(SUPPLIED DATA Opens)

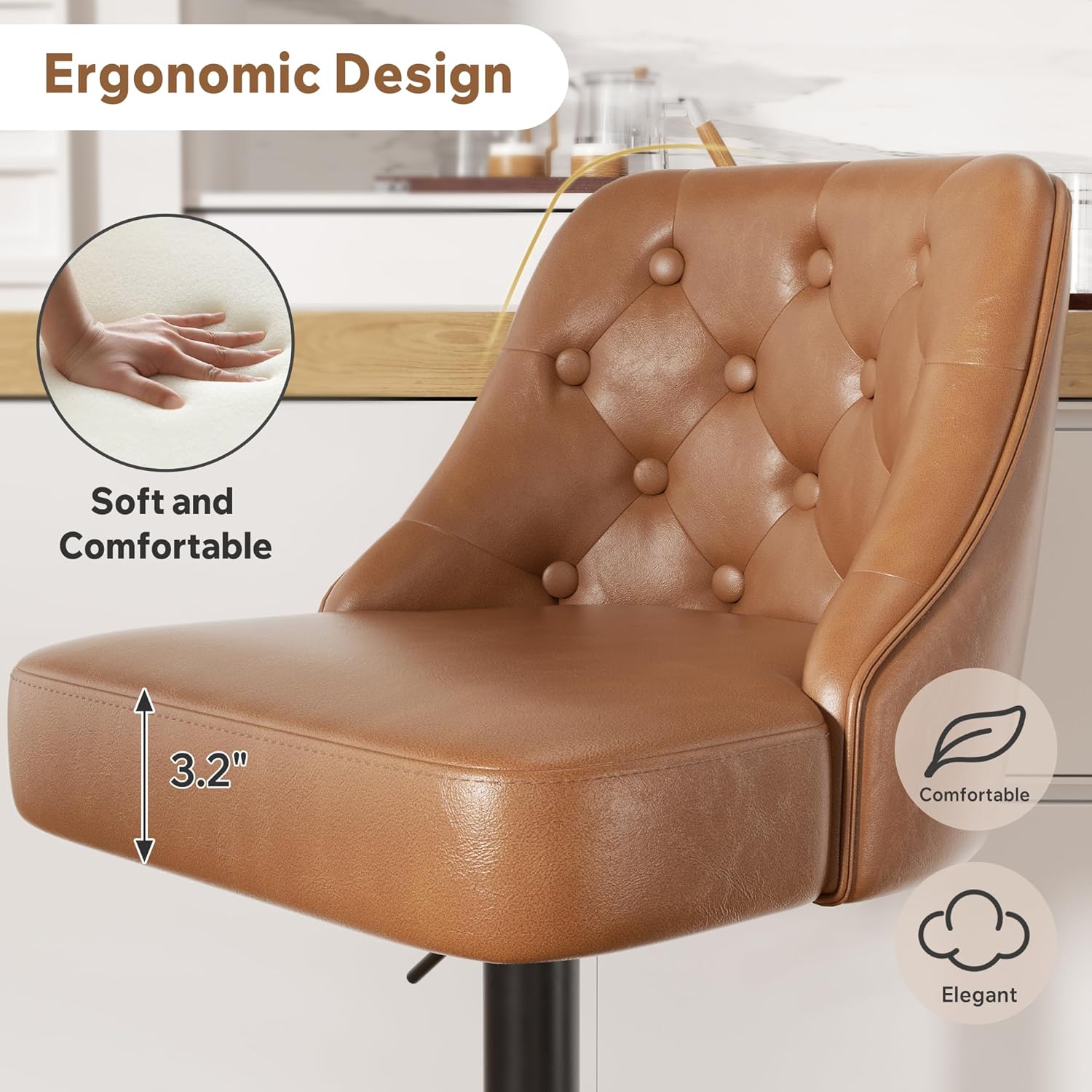 Bar Stools Set of 3, Adjustable Counter Height Bar Stool with Back, Faux Leather Upholstered Swivel Bar Chairs, Mid Century Modern Barstools for Kitchen Island, Brown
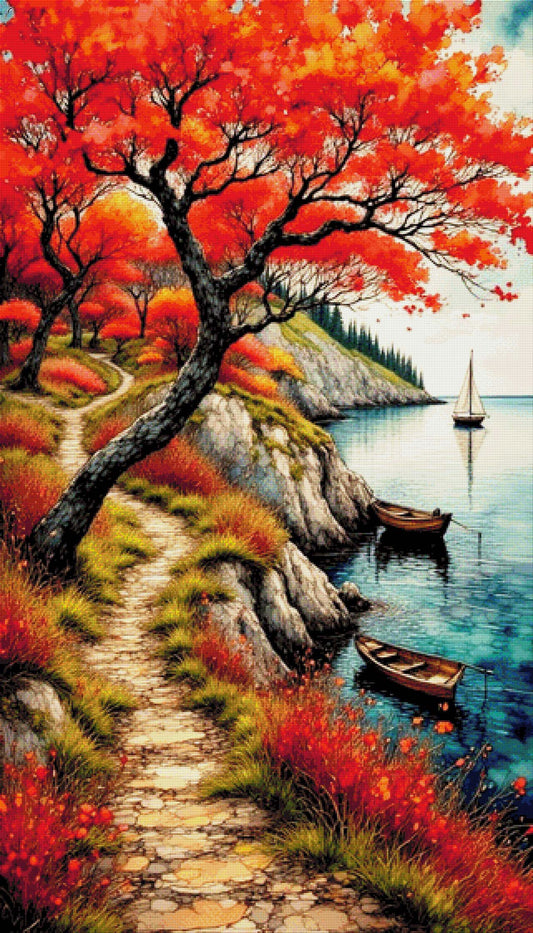 Der Weg am Meer - Diamond Painting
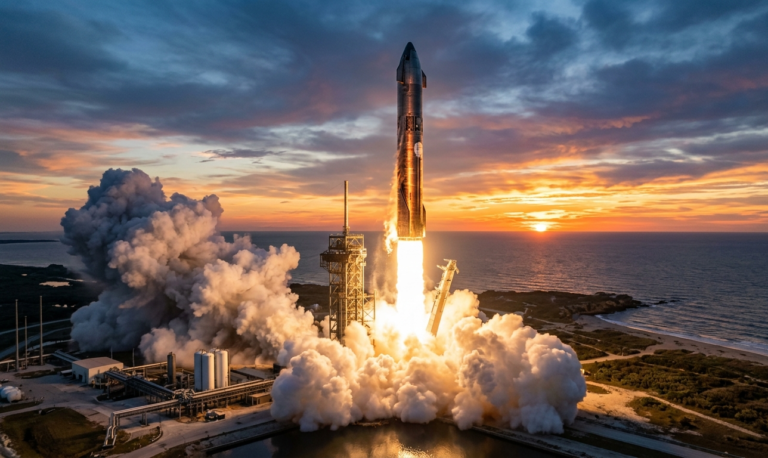 rocket launching into space from a launchpad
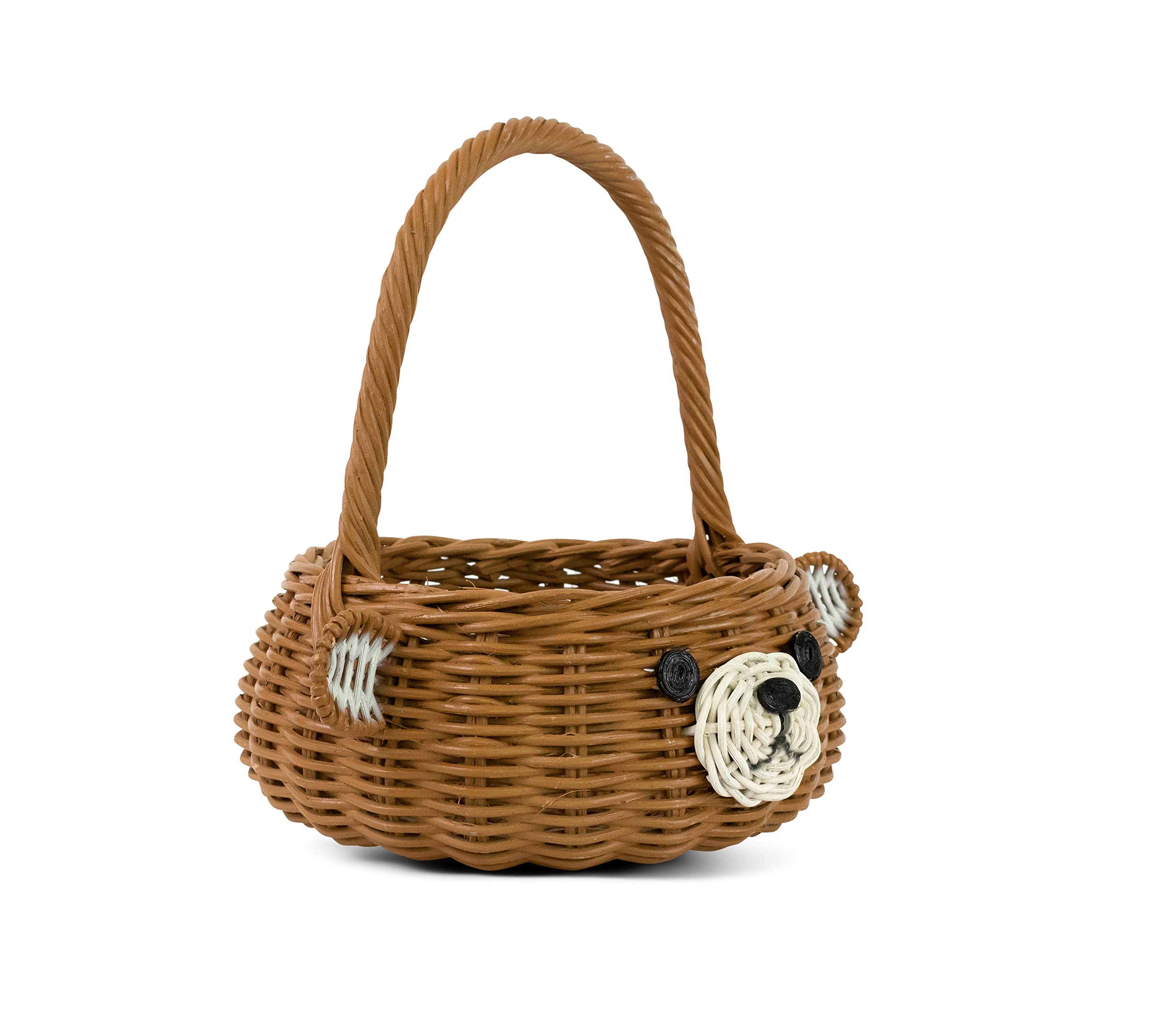 G6 Collection Hand Woven Bear Rattan Wedding Flower Girl Basket Decorative Home Decor Bin Organizer Storage Cute Handmade Handcr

(SUPPLIED DATA Closes)

## TASK INSTRUCTIONS
The lines from the start of the data through the line that contains "rocket launching into space from a launchpad" are to be returned exactly, please, with both ends included and every picture left out.

## EXERCISE ANSWER
 Bar Stools Set of 3, Adjustable Counter Height Bar Stool with Back, Faux Leather Upholstered Swivel Bar Chairs, Mid Century Modern Barstools for Kitchen Island, Brown
 Der Weg am Meer - Diamond Painting
 rocket launching into space from a launchpad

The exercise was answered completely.